McKenna v. Comm’r of Soc. Sec., 2019 U.S. App. LEXIS 2108, __ Fed. Appx. __ (10th Cir. Jan. 23, 2019).

Plaintiff appealed the ALJ’s step 4 denial of her disability claims. The ALJ found that Plaintiff has the RFC to perform light work with limitations including an ability to stand and/or walk for only a total of 2 hours in an 8-hour workday, the need for an assistive device, and the need to alternate sitting and standing at the workstation; the ALJ found that Plaintiff could perform her past relevant work as a senior programmer analyst, which was affirmed by the district court.

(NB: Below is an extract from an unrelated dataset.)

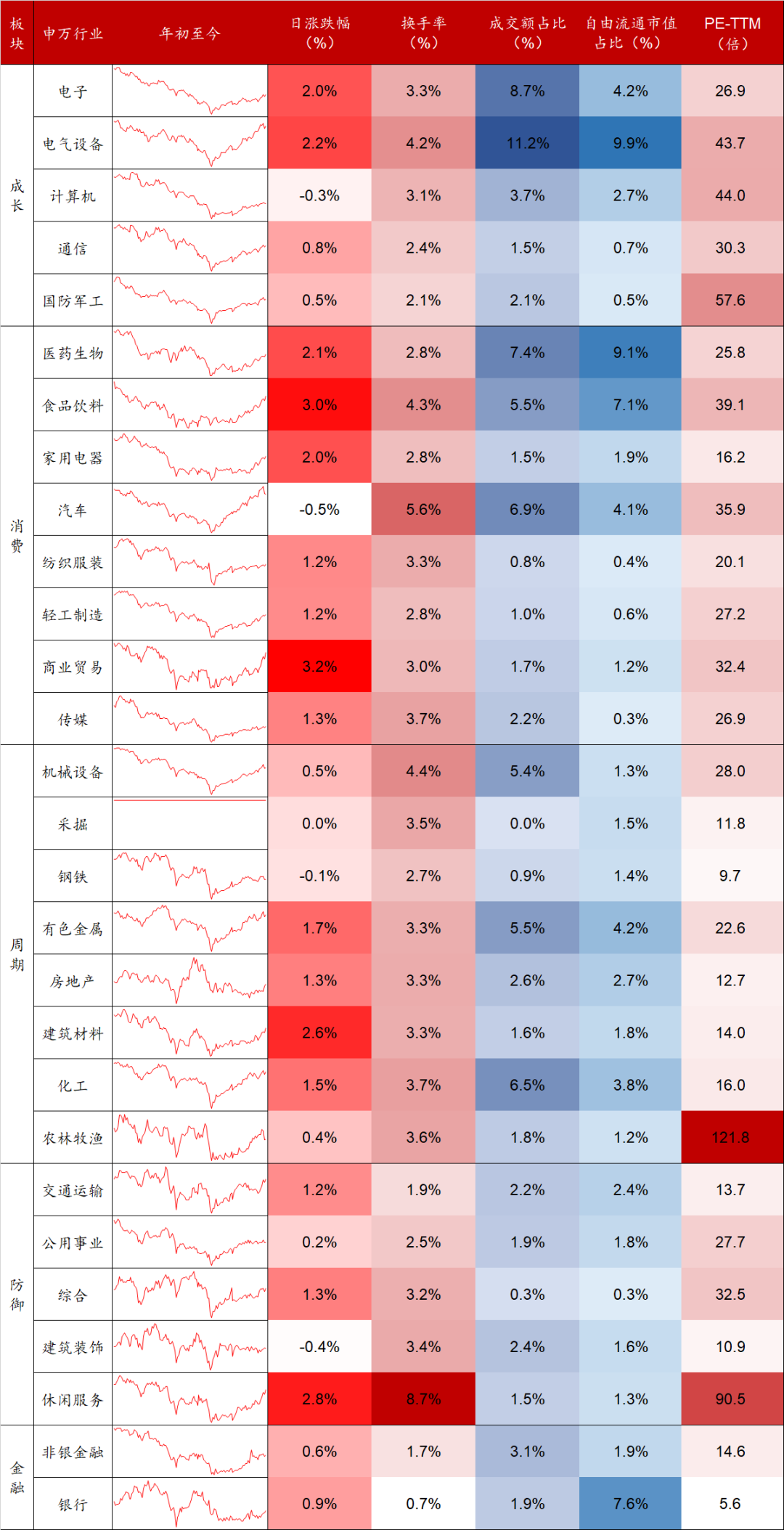 数据来源：Wind，东海基金整理。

On appeal, Plaintiff argued that the ALJ failed to specify the frequency of the need to sit or stand in the RFC, citing SSR 96-9p in support of her argument. The court noted that SSR 96-9p only applies to people with sedentary, unskilled occupations, and that Plaintiff’s past work was skilled work. The court also noted that Plaintiff bears the burden at step 4 to establish that she is unable to perform her job as a senior programmer analyst both as actually performed and as generally performed. The court found that the ALJ was not required to be more specific concerning Plaintiff’s sit-stand requirements because (1) the vocational expert testified “the essential function of [Plaintiff’s] past work is cognitive, [which] allows for flexibility in physical positioning; and (2) Plaintiff “does not claim that her past work does not allow her to alternate sitting and standing as needed.” The district court’s judgment was affirmed.